Les options permettant d’optimiser fiscalement la cession de son entreprise peuvent être amenées à changer au travers des différentes lois de finance. Nous rédigeons cet article en 2024 et certains points sont en discussions pour la prochaine loi de finance et susceptibles d’être modifiés.
Avant d'explorer les dispositifs permettant d’optimiser la fiscalité lors de la cession de son entreprise, revenons d’abord sur les règles générales d’imposition de la plus-value.
Si les titres sont détenus directement, les plus-values sont par défaut soumises au Prélèvement Forfaitaire Unique (PFU ou “flat tax”), soit une imposition globale de 30% : 12,8% d’impôt sur le revenu et 17,2% de prélèvements sociaux. Sur option, il est possible de choisir l’imposition au barème progressif de l’IR. Dans ce cas, l’intégralité des plus-values mobilières de l’année est soumise à votre taux marginal d’imposition, auxquels s’ajoutent les prélèvements sociaux de 17,2%.
La détention des titres d’entreprises au travers de fonds fiscaux peut permettre de bénéficier d’une fiscalité plus douce (prélèvements sociaux de 17,20% au lieu de la Flat Tax à 30%). Ce mode de détention est toutefois moins courant en pratique.
Lorsque des titres de son entreprise sont détenus dans une enveloppe fiscale (assurance-vie, contrat de capitalisation, compte-titre, PEA…), la fiscalité sera celle prévue par cette enveloppe.
Certaines peuvent prévoir des avantages fiscaux sous certaines conditions que nous détaillerons plus loin dans cet article.
La Contribution Exceptionnelle sur les Hauts Revenus est un impôt complémentaire qui s’applique lorsque le revenu fiscal de référence (RFR) dépasse 250.000 € pour une personne seule, ou 500.000 € pour les couples mariés ou pacsés soumis à une imposition commune.
La CEHR est calculée selon un barème progressif.
Pour une personne seule :
0% sur la fraction du RFR jusqu'à 250 000 €.

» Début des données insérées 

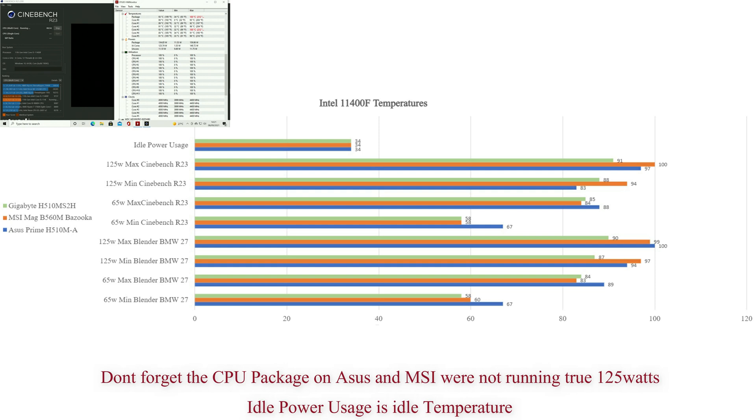Switching to 125 watts - this is where you want a good fan; don't use the Intel fan. We're going from 91 to 100°C and the order is MSI, ASUS, then Gigabyte. Minimum temperatures were 83 to 94°C, with MSI being the hottest, followed by ASUS then Gigabyte.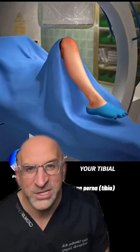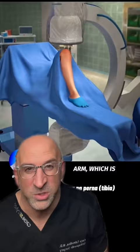This is how I would fix your tibial fracture. I'd take you to the operating room and use C-Arm, which is essentially live x-ray, to visualize the fracture.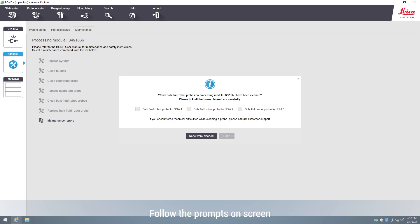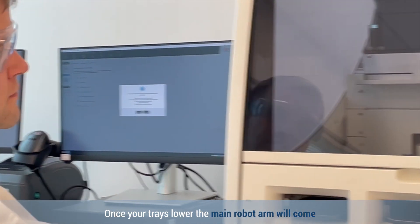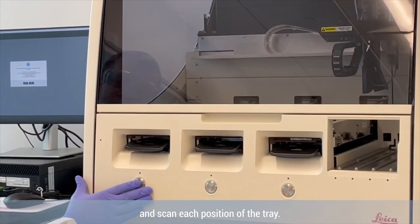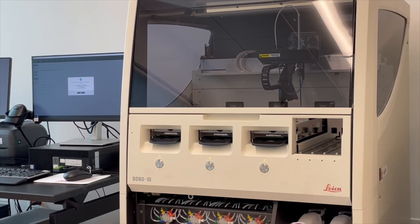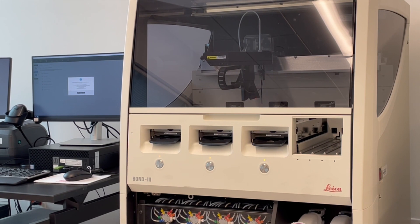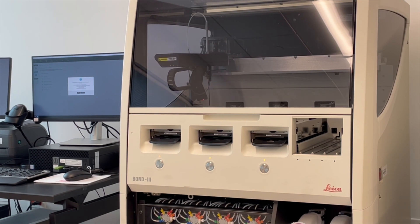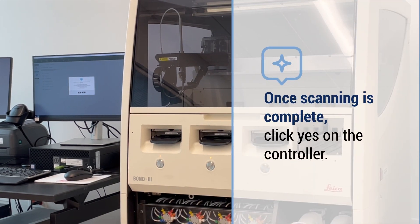Follow the prompts on the screen. First, load and lock staining trays. Once your trays lower, the main robot arm will come and scan each position of the tray. Once scanning is complete, click yes on the controller.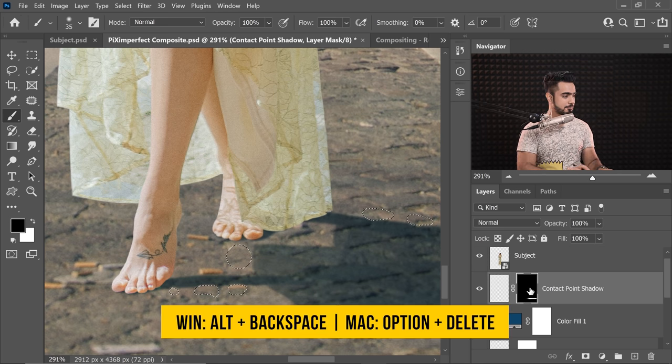Now, do you think we're done? Not yet. I feel that we can apply a global effect to just blend and bring everything together — and that is something we do at the end of every composite. In this particular example, we can easily do that with a lookup table. So let's create a Color Lookup adjustment layer and let's just slap in our favorite one — Crisp Warm. And once you do that, this scene just becomes complete. If you think it's too much, you can decrease the opacity to about 50%.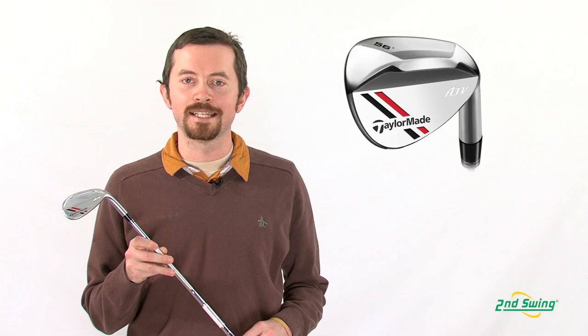Hi, my name is Thomas Elsbayer from Second Swing Golf in Minneapolis, Minnesota. I'm here today to talk to you about TaylorMade's new wedge offering called the ATV wedge.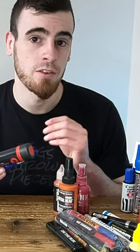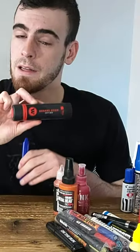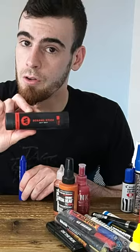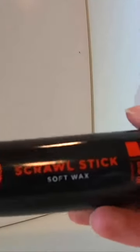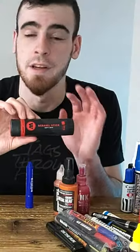Solid wax markers are wax infused with inks that take advantage of the staining capabilities of those inks. Right here I've got the Molotov Scrawl Stick — it's one of those solid wax sticks, and it writes massively. It's got a 25 millimeter line that it creates, which is great for large surfaces and even trains.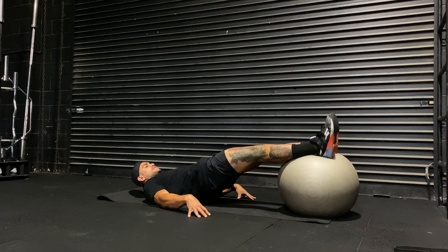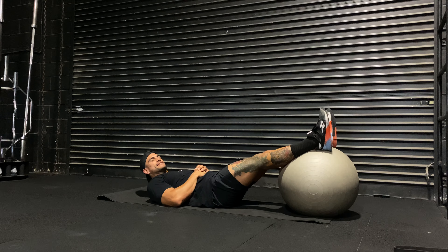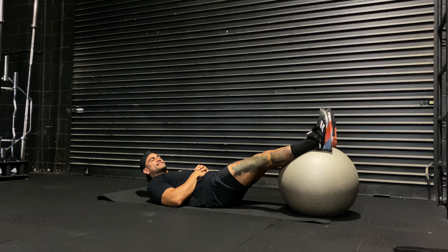Bring your heels into your glutes, using your hamstrings, curling them in, nice strong tension, nice control to send them all the way back to the starting position. Continue your reps until the end of your set.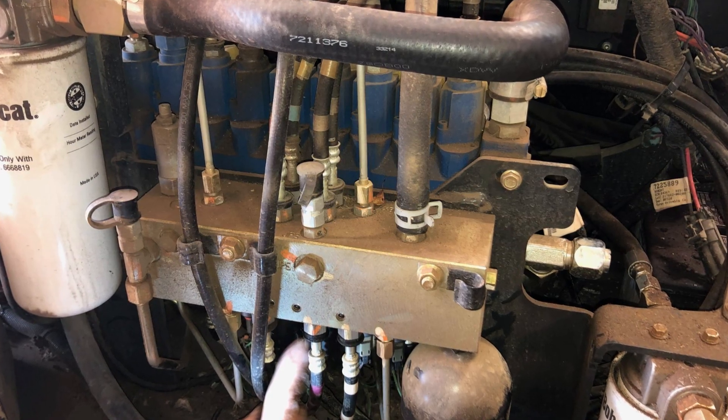Before you decide to replace the lock valve, you will want to inspect the wiring that connects it to the system. It's not uncommon that this wire can rub on a metal body part, the insulation is destroyed and the wire will have a short to ground.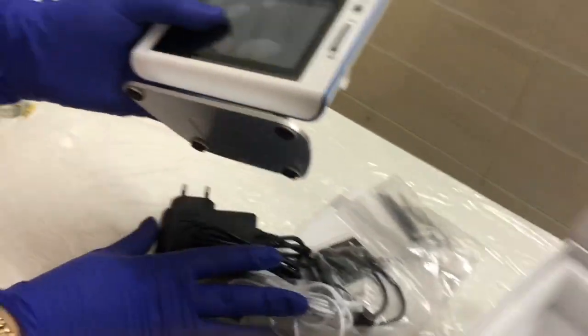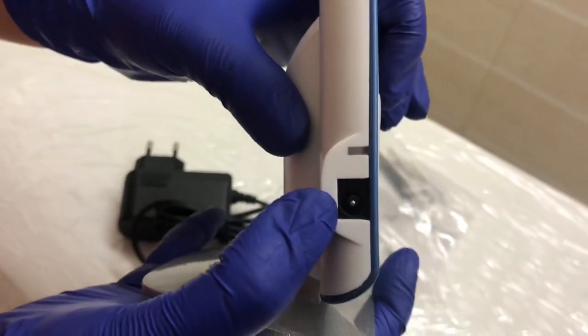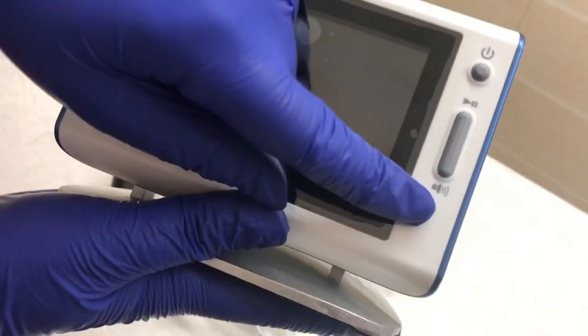Let me tell you about the LCD screen. You can see here: this is the measuring wire socket, this is the socket for the adapter, this is your power on/off button, this is your display button, and this is your sound button.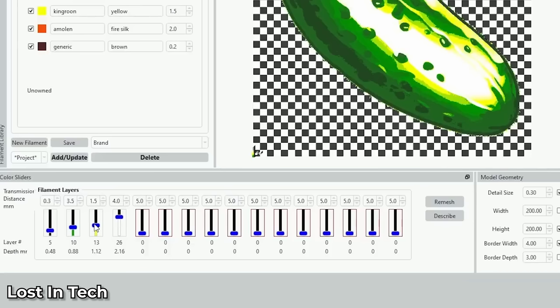Now, without time travel, we are in the present day, 2023. And we have Hueforge. Hueforge is a piece of software that lets you load an image and then assign filament colors to the various colors within the image. It essentially creates a height map based on colors of the image, and then you're assigning filament colors to those colorful layers within the created digital piece.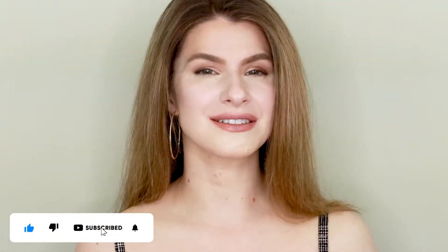I want to try all three of them on for you today, show you how they apply, show you the colors, and we'll just play with makeup because that's what I love to do.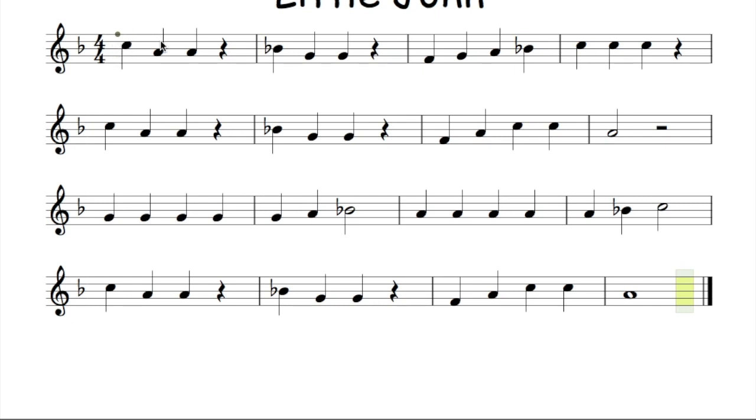Saying the notes together through the first half of the tune: C, A, A, shh, B flat, G, G, shh, F, G, A, B flat, C, C, C, C, shh, C, A, A, shh, B flat, G, G, shh, F, A, C, C, A, shh, shh.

3% sur la fraction comprise entre 250 001 € et 500 000 €.
4% sur la fraction supérieure à 500 000 €.
Pour un couple soumis à imposition commune :
0% jusqu'à 500 000 €.
3% entre 500 001 € et 1 000 000 €.
4% au-delà de 1 000 000 €
Bon à savoir : Un système de lissage (aussi appelé “mécanisme du quotient”) peut s’appliquer lorsque les revenus sont considérés comme exceptionnels en raison de leur montant, comme c’est souvent le cas lors de la cession de son entreprise.
Le "mécanisme du quotient" permet d’atténuer son imposition à la CEHR si trois conditions sont remplies :
Le revenu fiscal de référence de l’année d’imposition est supérieur ou égal à 1,5 fois la moyenne des revenus fiscaux des deux années précédentes.
Les revenus fiscaux des deux années précédentes étaient inférieurs aux seuils d’assujettissement à la CEHR (250 000 € ou 500 000 €).
Vous avez été passible de l’impôt sur le revenu les deux années précédentes pour plus de la moitié de vos revenus de source française ou étrangère de même nature que ceux entrant dans la composition de votre revenu fiscal de référence.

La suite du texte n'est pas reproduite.